Tunix automatically collects a rich set of metrics during training to help you
monitor performance, convergence, and resource utilization.

### Common Metrics (SFT & RL)

These metrics are collected for both Supervised Fine-Tuning (SFT) and
Reinforcement Learning (RL) jobs:

*   **`loss`**: The training loss for the current step.
*   **`perplexity`**: The perplexity of the model on the training batch
    (exp(loss)).
*   **`learning_rate`**: The current learning rate from the optimizer.
*   **`step_time_sec`**: The time taken to execute a single training step (in
    seconds).
*   **`steps_per_sec`**: The training speed, measured in steps per second.
*   **`tflops_per_step`**: The estimated Trillion Floating Point Operations
    (TFLOPs) performed per step (if supported by the hardware/backend).

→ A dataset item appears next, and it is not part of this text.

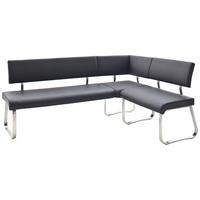 Eckbank Schwarz Lederlook Arco 200x150 Cm - Edelstahlfarben/Schwarz, Design, Textil/Metall (200cm) - Livetastic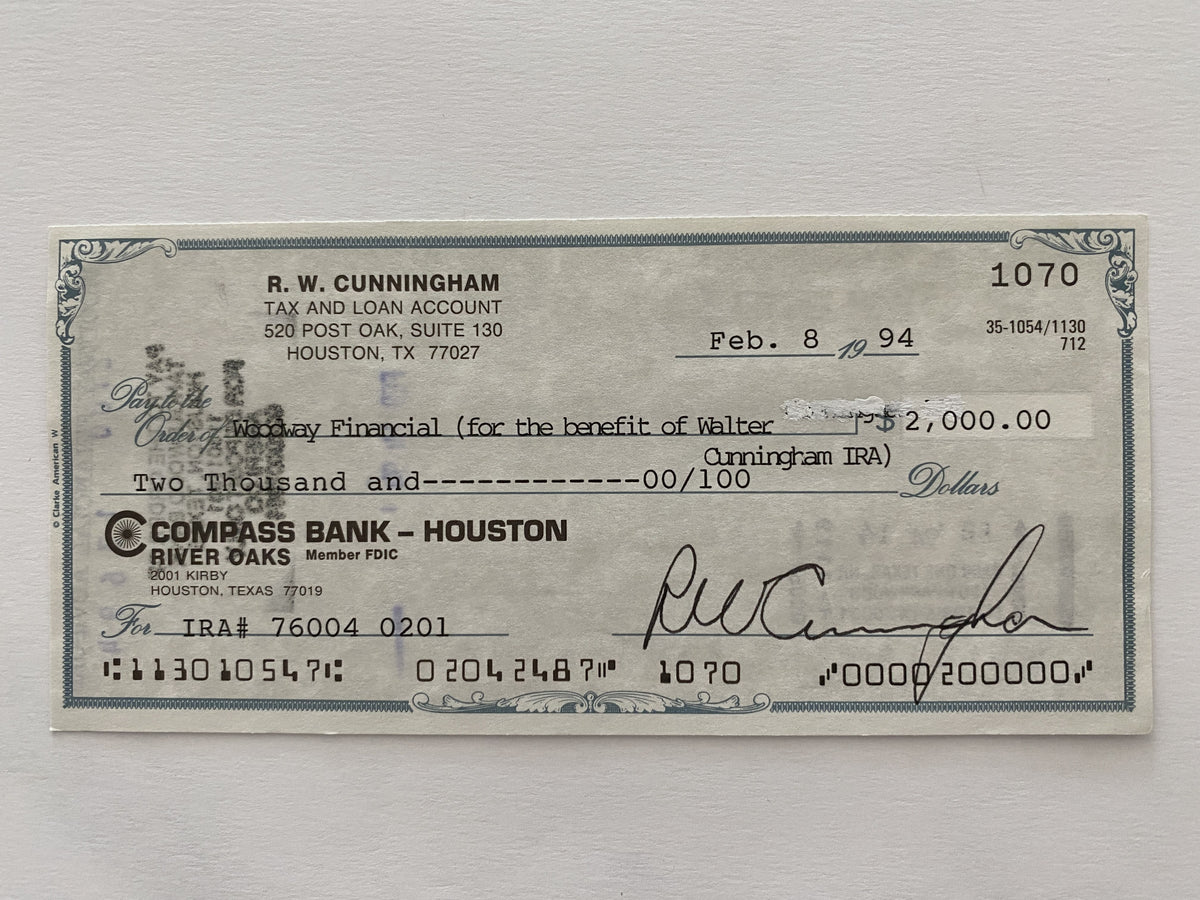 Walter Cunningham signed check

### RL-Specific Metrics (PPO/GRPO)

For Reinforcement Learning jobs, Tunix collects additional metrics related to
the RL algorithm (e.g., PPO), reward modeling, and generation.

#### Rewards & Scores
*   **`rewards/sum`**: The sum of rewards for a trajectory.
*   **`rewards/mean`**, **`rewards/max`**, **`rewards/min`**: Statistics of the
    rewards across the batch.
*   **`score/mean`**, **`score/max`**, **`score/min`**: Statistics of the raw
    scores from the reward model (before any algorithm-specific modifications
    like KL penalty).
*   **`reward_kl_penalty`**: The KL divergence penalty applied to the reward
    (if applicable).
*   **`rewards/<reward_fn_name>`**: If using multiple reward functions,
    individual reward components are logged by name.

#### Policy & Value (PPO)
*   **`advantages/mean`**, **`advantages/max`**, **`advantages/min`**:
    Statistics of the advantages.
*   **`returns/mean`**, **`returns/max`**, **`returns/min`**: Statistics of
    the returns.
*   **`values/mean`**, **`values/max`**, **`values/min`**: Statistics of the
    value function estimates.
*   **`pg_clipfrac`**: The fraction of the batch where the policy gradient was
    clipped.
*   **`vf_clipfrac`**: The fraction of the batch where the value function update
    was clipped.
*   **`loss/entropy`**: The entropy of the policy (if entropy regularization is
    enabled).

#### Generation & Data
*   **`prompts`**: The input prompts used for generation.
*   **`completions`**: The text completions generated by the model.
*   **`completions/mean_length`**, **`completions/max_length`**,
    **`completions/min_length`**: Statistics on the length of generated
    completions.
*   **`trajectory_ids`**: Unique identifiers for the trajectories.
*   **`actor_dequeue_time`**: Time spent waiting for data from the rollout
    workers (if async rollout is enabled).

## Metric Loggers

Tunix provides a flexible, protocol-based logging system that allows you to
integrate any logging service or library.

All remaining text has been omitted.